My suit is a decade removed from current fashions, and one or two sizes too large. Diners speak in hushed, secretive tones, as if someone’s grandma has passed. My hands and arms—parts of me that I usually spend zero conscious thought on—seem conspicuous, out of place, awkward. I fold them in front of me on the table, but that makes me think of Jesus and the things I’ve done to disappoint him.
So I put them in my lap and clear my throat. No good reason for the throat-clearing, really. I just wanted to make noise and be part of the conversation without actually talking. Because talking would reveal that I don’t have the conversational skills required in a well-carpeted place like this.
All this before bread arrives.
Photo Credit: Kimberly Motos
Tuxedo man approaches, pulls out what appears to be a barber’s shaving blade or high-quality prison shank, and removes the crumbs from my place at the table. Shame has entered the chat. I just really want a pizza. Or ramen. Or a ramen pizza. Something cheap and easy, eaten on soft furniture or in a park.
That’s my first memory of dining at Mister A’s on my stepmom’s birthday in 1980. I was seven. Dad took us, and the whole thing felt like a kind of church service.
Now, decades later, I still love using my jeans as napkins while scarfing tacos. But I learned to love Mister A’s. To respect it for holding me—wrinkled, uncombed, flip-floppish me—to a more ambitious standard for a night out.
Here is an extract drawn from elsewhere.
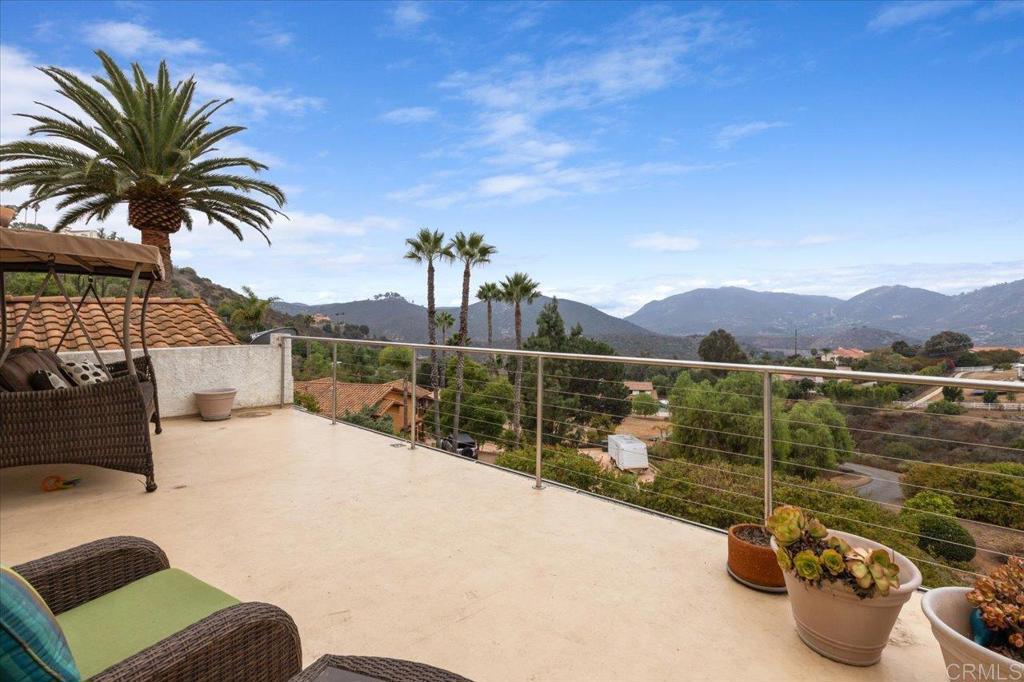 Introducing a stunning residence nestled in the vibrant city of Escondido, providing the perfect blend of comfort, style, and convenience. This exceptional property boasts five bedrooms (one is converted to an office), and includes a spacious primary bedroom with fireplace and a large, remodeled spa like bathroom that has an additional connected room to be used as an office, extra walk in closet, or a gym. The large deck off of the primary is sure to be a favorite place to watch the sunsets. Encompassing an impressive interior square footage of 3,764 sqft, the house offers ample space for both living and entertaining, all with the cost effectiveness that solar provides. A unique feature of this home are the breathtaking views of the hills and mountains of Lake Hodges from most rooms, specifically the office, the sun room, and the primary suite. Enjoy your morning coffee from the sun room or your office while looking out onto the natural beauty that is Lake Hodges. Privacy is one of this homes incredible features as the home is nestled down on a private road and two of the bedrooms are able to be partitioned off as private living space with their own bathroom for guests or additional family. The backyard and expansive lot is complete with a pool, spa, and decking for dining and promises endless opportunities for outdoor activities allowing a personal oasis for relaxation or lively gatherings. The location is exemplary, sitting comfortably close to the serene Lake Hodges, essential freeways, and various shopping hubs, ensuring all your needs are just a stone's throw away. For those who appreciate nature's touch, the proximity to Felicita Park provides a perfect backdrop for morning jogs or leisurely evening strolls. Whether hosting guests or enjoying a quiet family day, this home delivers an environment that's both welcoming and luxurious.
Today, Michelin-star chefs are used to serving schleps in flops. Dressing up for dinner has been cast as somehow pretentious, flaunting, fripperous social peacockery. Grande cuisine is dead. Bring on the artisanal pizza and negronis, served in a former auto shop (authentic oil-change stains!) with underarm hair poking out from the tank tops of patrons everywhere.
It’s partly due to the casualization of America, which has been happening for decades. It’s been quite a while since we twirled our parasols in the public park. Casual Fridays grew into Casual Decades. And San Diego is especially laidback. Never to be confused with Milan, our beach-vacation fashion sense is soft cotton–centric. We’re pretty proud to dress like dharma bums.
Photo Credit: Luciana McIntosh
The hyper-casualization of American restaurants really took off in 2008, when the economy took a nosedive from a tall, over-leveraged building. In the aftermath of any rough economic patch, it feels a little gauche to dress up just to dine in a public space. So formal, quiet restaurants were shuttered and informal, loud joints replaced them. People began eating duck confit in athleisure wear.
Mister A’s, while still holding us to certain standards, has loosened the dress code. Addison is unstarching. At Callie (2023 pick for Best Restaurant from both me and SDM readers), chef Travis Swikard wears a baseball cap, and you can do the same.
These restaurants are merely accommodating the way people want to eat. They’re listening to the times. And I’m part of the demand. Nine times out of 10, I’d rather eat somewhere with good music and communal tables, a place that gives zero damns about what I wear. Food tastes better in t-shirts. But I still want those restaurants that ask me to be more. A few eateries that say, “Iron something, Troy. Google ‘windsor knot’ for the 30th time. Just maybe try.”
Photo Credit: Audrey Ma
The great thing about this extreme informalism is what it’s doing to San Diego’s casual dining scene. Since they’re not dropping wads of cabbage on designer furniture and light fixtures, great chefs are able to save money for what matters—namely, food. If we’re okay eating in a modern box whose interior decor approach is “Well, we painted,” that lowers the barrier of entry for young, cash-strapped, talented restaurateurs. You can do quality without spending a gazillion—and now customers realize that, too.
But if all we end up with is super-casual eateries that look like minimalist cafeterias or mess halls at hunting lodges, we’re being centrifuged into the unremarkable middle. We’ll become a people who never try to dress outside of themselves. What seemed like a fresh movement in the dining scene—roasted bone marrow and canard in an abandoned parking lot!—starts to feel unspecial.
Getting dressed up to go out to a formal dinner isn’t like the hand-cranked automobile. It’s not a dinosaur late for its date with extinction. It’s a model that asks for the diner to reach into their closet and be an active part of a remarkable night out, become a piece of the show themselves.
I’d love to see tiny neighborhood bistros that strongly encourage me to iron a shirt. Don a mandatory wig. Something.
Or we could all just eat elk medallions loudly in our sweatpants.